Drittens. Durch Einwanderung wirken wir dem Leerstand in unserem Land entgegen. Der Anteil leer stehender Wohnungen ist mit 10 % noch immer sehr hoch. In einigen Städten, unter anderem in der Landeshauptstadt, reißen wir nach wie vor Wohnblocks ab. Gleichwohl gibt es kein richtiges Konzept dafür, wie dieser hohe Leerstand strategisch für die dauerhafte Unterbringung Geflüchteter erschlossen werden kann. Das hat das letzte Asylgespräch beim Ministerpräsidenten gezeigt. Ich war, gelinde gesagt, überrascht davon, dass die Wohnungswirtschaft in unserem Bundesland kein Konzept hat, wie sie diesem Leerstand angesichts dieser großen Chance strategisch begegnen will, und das nach mehr als einem Jahr verstärkter Zuwanderung in unser Land.
Viertens. Integration durch Bildung schafft Perspektiven für uns alle im Land. Die nach SachsenAnhalt einwandernden Geflüchteten, die über Bildungsabschlüsse verfügen - viele davon verfügen auch über Universitäts- und Hochschulabschlüsse -, können eine Arbeit aufnehmen, sobald diese Abschlüsse anerkannt sind und der Spracherwerb als Grundvoraussetzung ermöglicht wurde. Einige Institute, etwa die Hochschule Magdeburg-Stendal, gehen hierbei auf einem guten Weg voran.
Es ist lobend zu erwähnen, dass die Landesregierung im Oktober 2015 mit der Erhebung der Qualifikationen der Geflüchteten in der ZASt Halberstadt begonnen hat, zumindest bei einigen der Geflüchteten.

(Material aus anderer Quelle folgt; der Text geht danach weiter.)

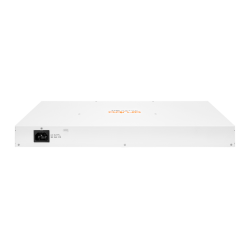 hewlett-packard-enterprise-aruba-instant-on-1930-gere-l2-gigabit-ethernet-10-100-1000-connexion-ethernet-3.jpg
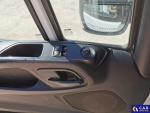 Iveco Daily  Aukcja 317030 - grafika 23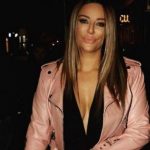 JOŠ UVIJEK GA VOLI: Poznata pjevačica priznala da joj razvod teško pada i da joj mnogo NEDOSTAJE!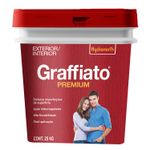 Textura-Premium-Riscado-Graffiato-Branco-25Kg-Hydronorth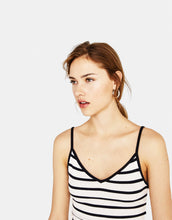 Load image into Gallery viewer, Strappy top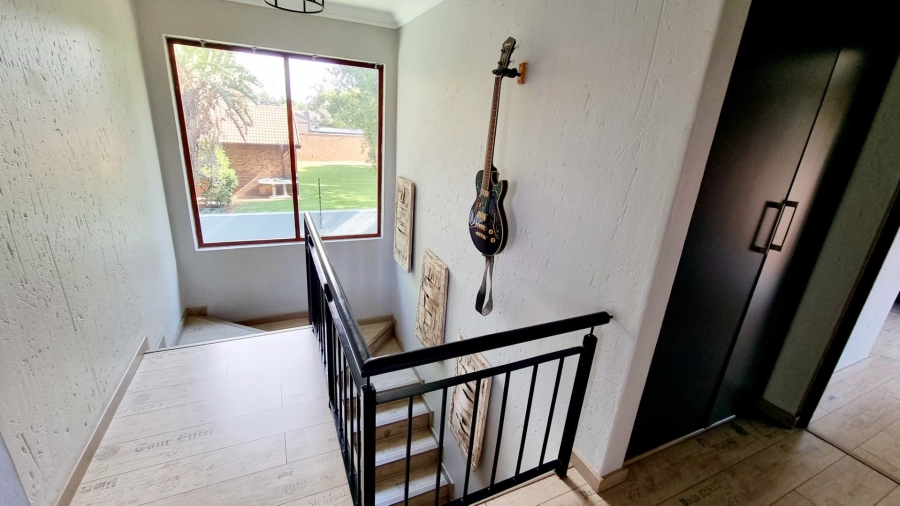 3 Bedroom Property for Sale in New Redruth Gauteng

Dies muss schnellstens auch auf alle Außenstellen ausgedehnt werden. Nur wenn wir die entsprechenden Qualifikationen erfassen, ist eine schnelle Beratung und Weitervermittlung in Jobs möglich. Wenn entsprechende Abschlüsse
fehlen, dann gilt es, den Menschen schnell Zugang zu Bildung und Ausbildung zu verschaffen und abgebrochene Ausbildungswege abzuschließen.
Kitas, Schulen, Betriebe und Universitäten bringen Geflüchteten nicht nur einen neuen Alltag, sondern sie geben ihnen auch Halt und Sicherheit im Leben.
Der fünfte, sehr wichtige Grund: Einwanderung schafft Arbeit und volle Auftragsbücher. Das viel zitierte Vorurteil, dass Einwanderer Deutschen Jobs wegnehmen würden, ist falsch. Das Gegenteil ist der Fall. Einwanderung kann Innovationen befördern, die wiederum die Beschäftigung stärken und zu neuer Beschäftigung führen.